**Exercise aim**. Your answer should hold only the lines from the one with "STOCK*** - 6 of 7" through the end of the records, repeated exactly and minus any pictures.

(Web page caption snippets)
◆ ◆ ◆ ◆ ◆

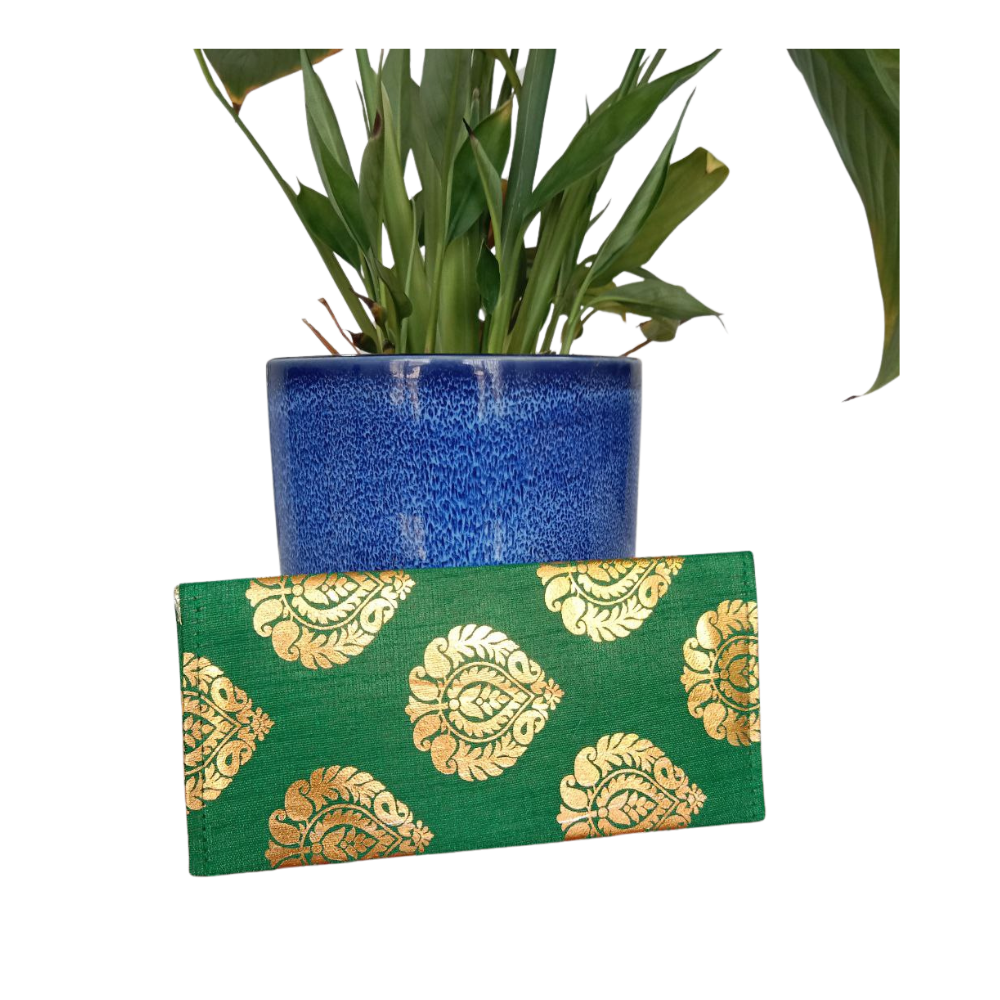 Mahashringar Beautiful Women Casual Clutch | Formal Clutch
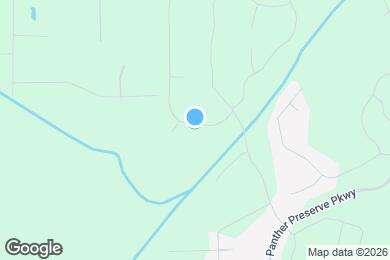 Map image of the property - 1228 Tan Tara Trail
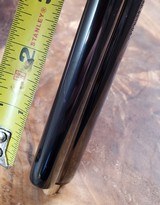 ***COLT - PYTHON BARREL - 8" - NEW OLD STOCK*** - 6 of 7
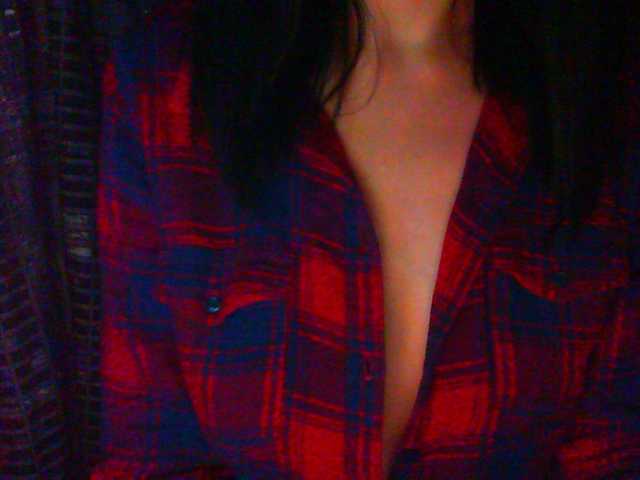 Transliacijos ekrano nuotraukos Marilyn911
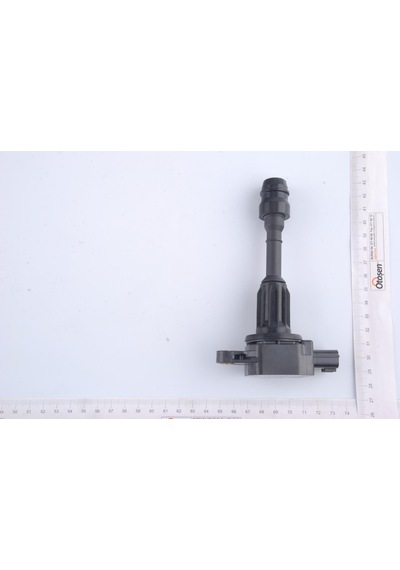 Etc Bobin 3 Fişli Nissan Note 1,4/micra 2003- K12 Uyumlu Et123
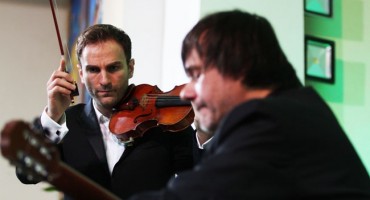 edin karamazov , Čapljina, Stefan Milenković 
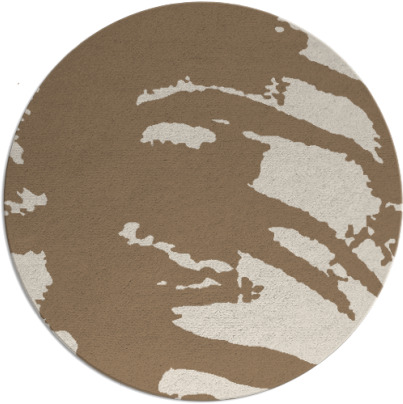 arroyo rug - item 188993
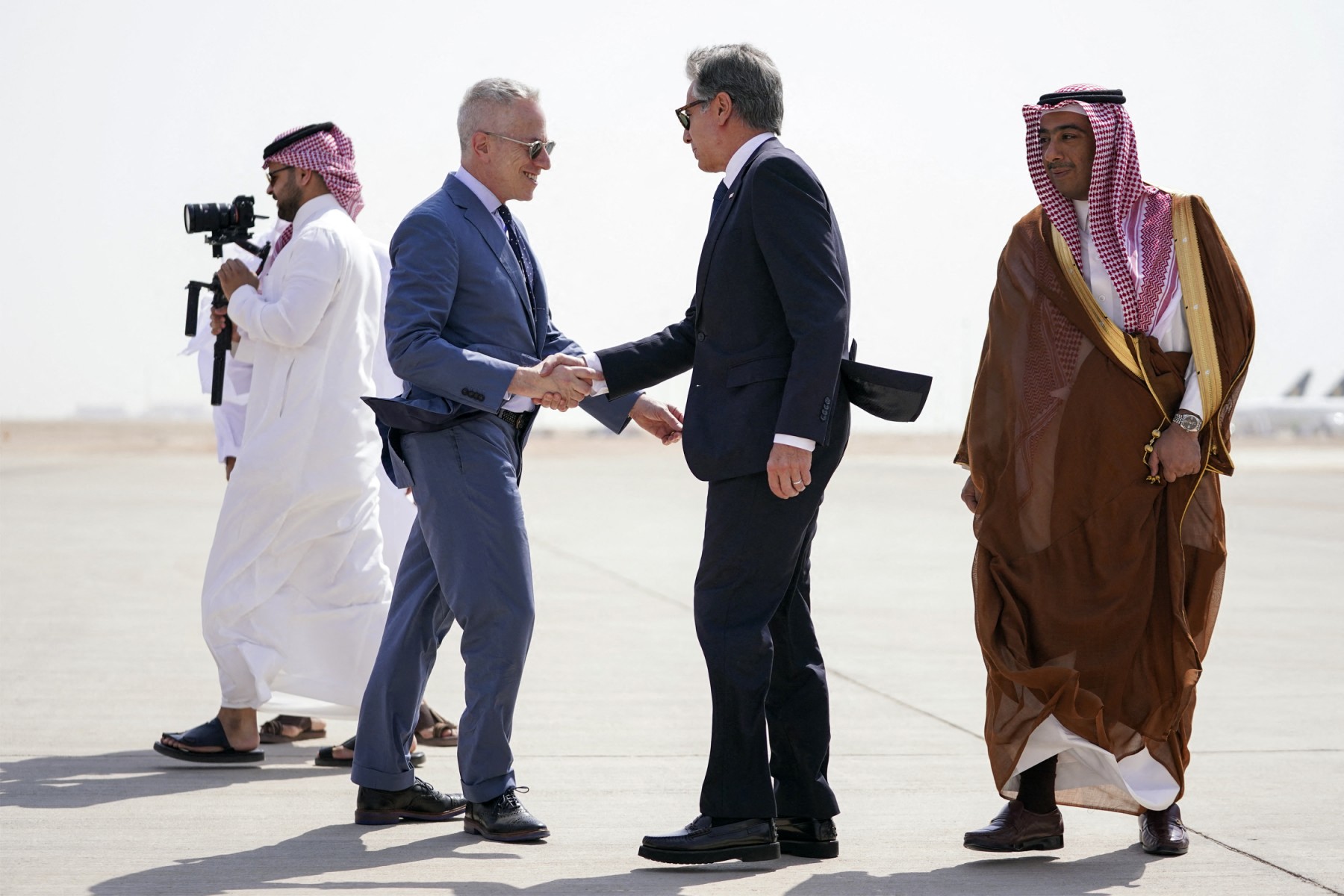 AFP__20241023__36KN8W4__v1__MidRes__SaudiUsPalestinianPoliticsDiplomacyConflict.jpg
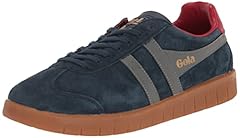 Gola hurricane suede d'occasion  Livré partout en France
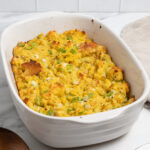 Cornbread Stuffing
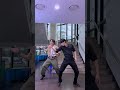 Jhope And Ateez San Doing Killing It Girl Challenge рџ Ґ Jhope And Ateez San Doing Killing It Girl Challenge рџ Ґ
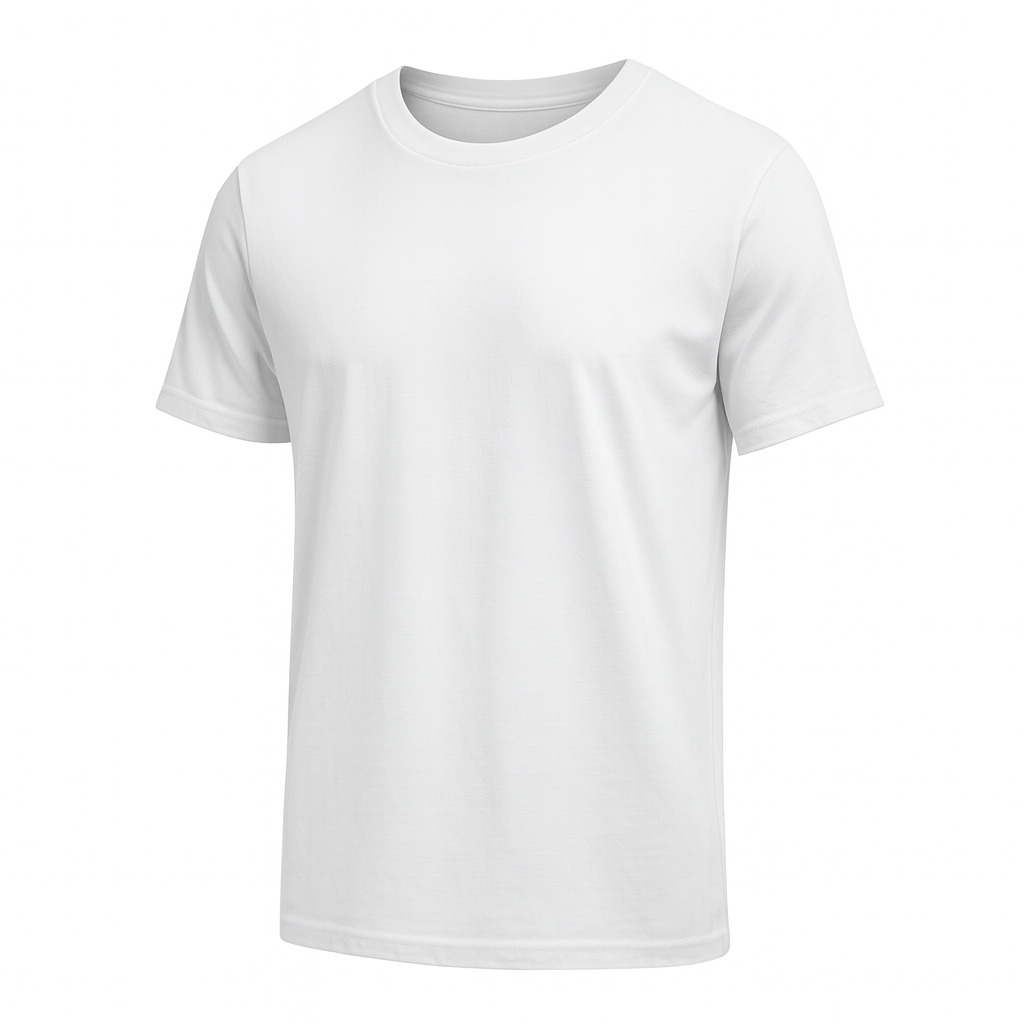 تی‌شرت آستین کوتاه مردانه تاون لند مدل 1884765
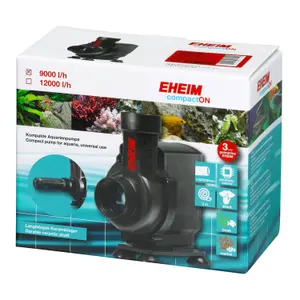 Pumpe Eheim Compacton 9000 image-1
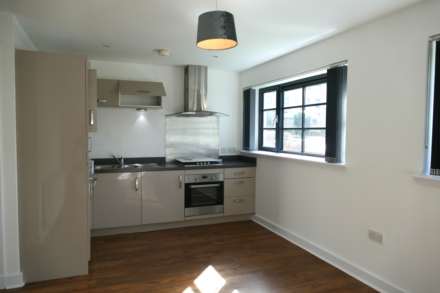 Accord Avenue, Seedhill, Image 7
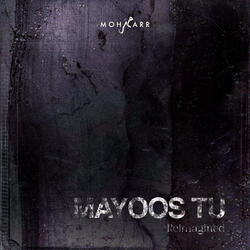Mayoos Tu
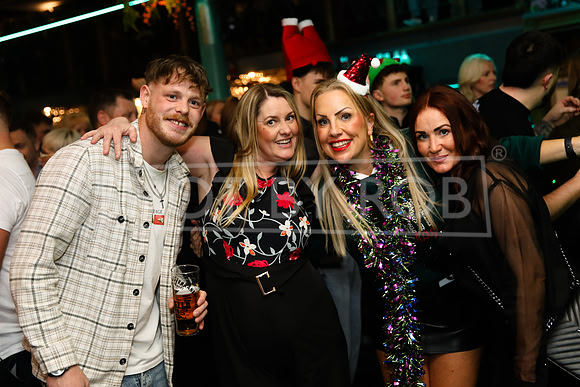 SHOT_BY_ROB-5657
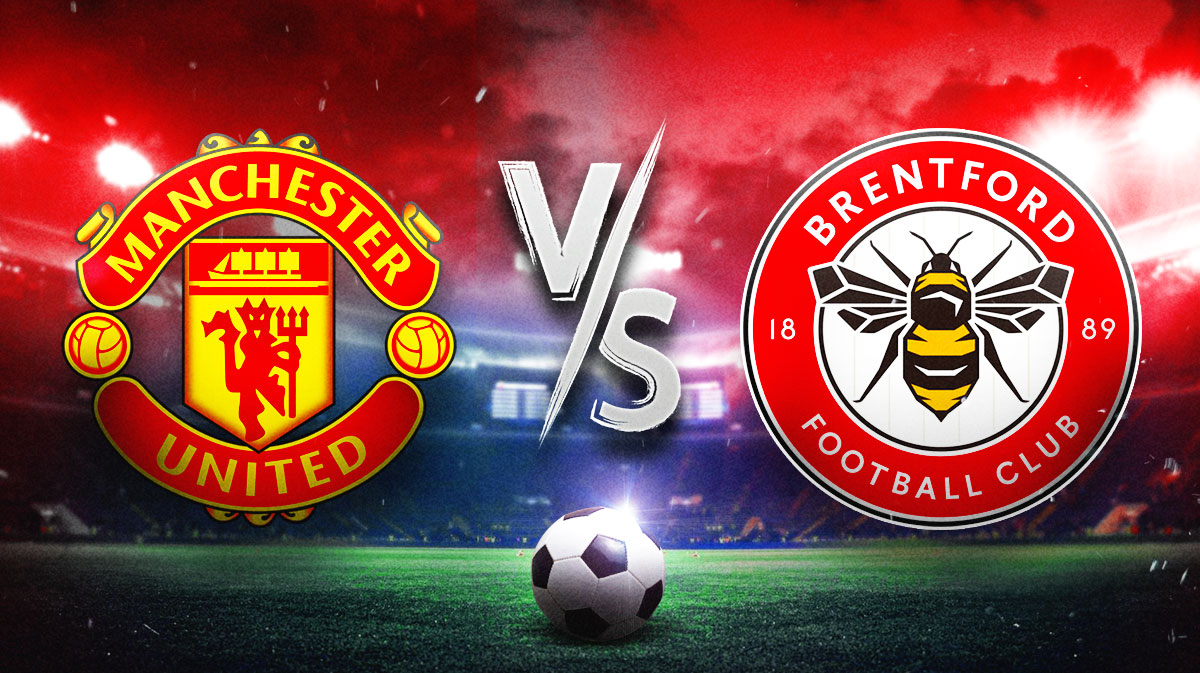 Manchester United vs. Brentford prediction, odds, pick – 10/19/2024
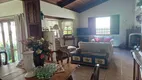 Foto 15 de Casa de Condomínio com 3 Quartos à venda, 240m² em Chacara Paraiso, Nova Friburgo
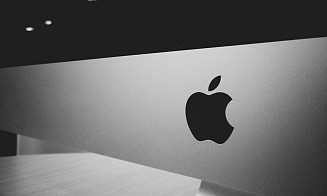 Apple выпустит iOS 26 вместо iOS 19. Что еще компания покажет на летней презентации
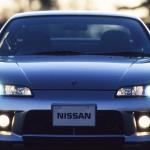 【画像】【ニッポンの名車】ボディの小型化で軽快さを取り戻した日産S15型シルビア 〜 画像19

◆ ◆ ◆ ◆ ◆

**Response to this task**.
 ***COLT - PYTHON BARREL - 8" - NEW OLD STOCK*** - 6 of 7
 Transliacijos ekrano nuotraukos Marilyn911
 Etc Bobin 3 Fişli Nissan Note 1,4/micra 2003- K12 Uyumlu Et123
 edin karamazov , Čapljina, Stefan Milenković 
 arroyo rug - item 188993
 AFP__20241023__36KN8W4__v1__MidRes__SaudiUsPalestinianPoliticsDiplomacyConflict.jpg
 Gola hurricane suede d'occasion  Livré partout en France
 Cornbread Stuffing
 Jhope And Ateez San Doing Killing It Girl Challenge рџ Ґ Jhope And Ateez San Doing Killing It Girl Challenge рџ Ґ
 تی‌شرت آستین کوتاه مردانه تاون لند مدل 1884765
 Pumpe Eheim Compacton 9000 image-1
 Accord Avenue, Seedhill, Image 7
Mayoos Tu
 SHOT_BY_ROB-5657
 Manchester United vs. Brentford prediction, odds, pick – 10/19/2024
 Foto 15 de Casa de Condomínio com 3 Quartos à venda, 240m² em Chacara Paraiso, Nova Friburgo
 Apple выпустит iOS 26 вместо iOS 19. Что еще компания покажет на летней презентации
 【画像】【ニッポンの名車】ボディの小型化で軽快さを取り戻した日産S15型シルビア 〜 画像19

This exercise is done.